UN committee directive urging Canada to stop pipeline construction reflects ignorance of Canadian law and consultation processes.

The UN’s Committee on the Elimination of Racial Discrimination has urged Canada to stop work on three major resource projects – including the Trans Mountain pipeline expansion, the Coastal GasLink pipeline and the Site C dam – until it obtains approval from affected First Nations.

Both the Canadian Association of Petroleum Producers (CAPP) and the Alberta government have responded, noting that the committee is ignoring the fact that Canada has a robust consultation process and that the majority of First Nations groups affected have supported projects such as Trans Mountain Expansion pipeline and the Coastal GasLink natural gas pipeline.

Shannon Joseph, Vice-President of Government Relations issued the following statement on behalf of CAPP:

The statement by the United Nations’ Committee on the Elimination of Racial Discrimination reflects an embarrassing ignorance of Canadian law and consultation processes that have been developed over the past 30 years. Canada has an in-depth consultation process required by law to protect the constitutionally protected rights of Indigenous peoples. 

All three projects in question underwent extensive review and consultation in accordance with these Canadian laws.

The UN Committee has also failed to recognize that a significant number of Indigenous communities along the route of the Trans Mountain expansion pipeline and all 20 Indigenous communities on the Coastal Gaslink route have exercised their sole discretion in signing agreements with the project proponents.

These projects are vital to those communities in exercising their right to develop their resources, and provide jobs and economic opportunities for generations to come.

Minister of Energy Sonya Savage issued the following statement on behalf of the Alberta government:
 
With all the injustice in the world, it’s beyond rich that the unelected, unaccountable United Nations would seemingly single out Canada – one of the greatest champions of human rights, democracy and the rule of law.
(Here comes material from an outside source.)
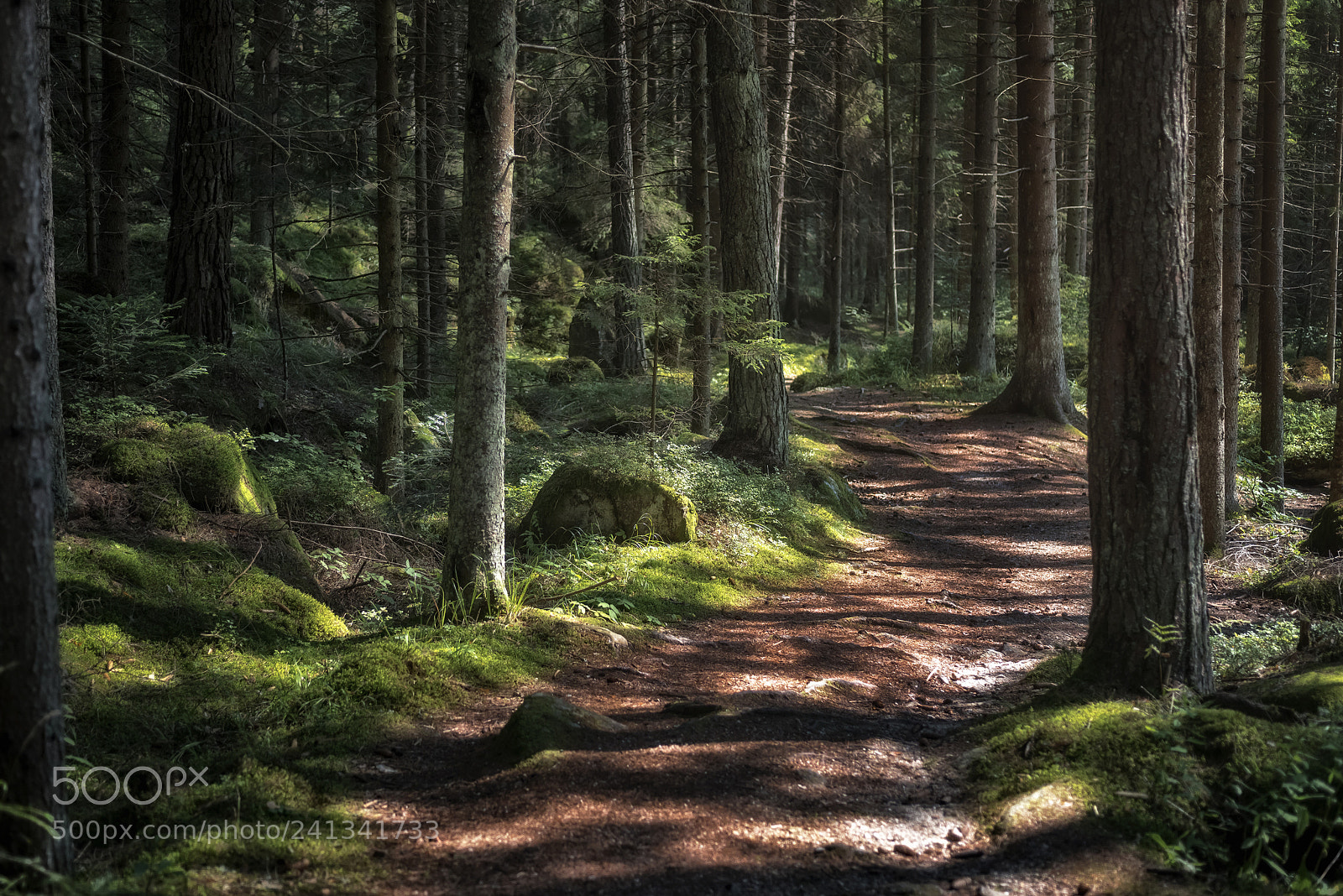Nikon D810 sample photo. Forest scenes (1) photography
We wish that the UN would pay as much attention to the majority of First Nation groups that support important projects such as Trans Mountain and Coastal GasLink.

First Nations leaders increasingly recognize that responsible natural resource development can serve as a path from poverty to prosperity for their people. Yet this UN body seemingly ignores these voices.

Canada’s duly elected representatives – not unaccountable international committees – are responsible for governing decisions in this country.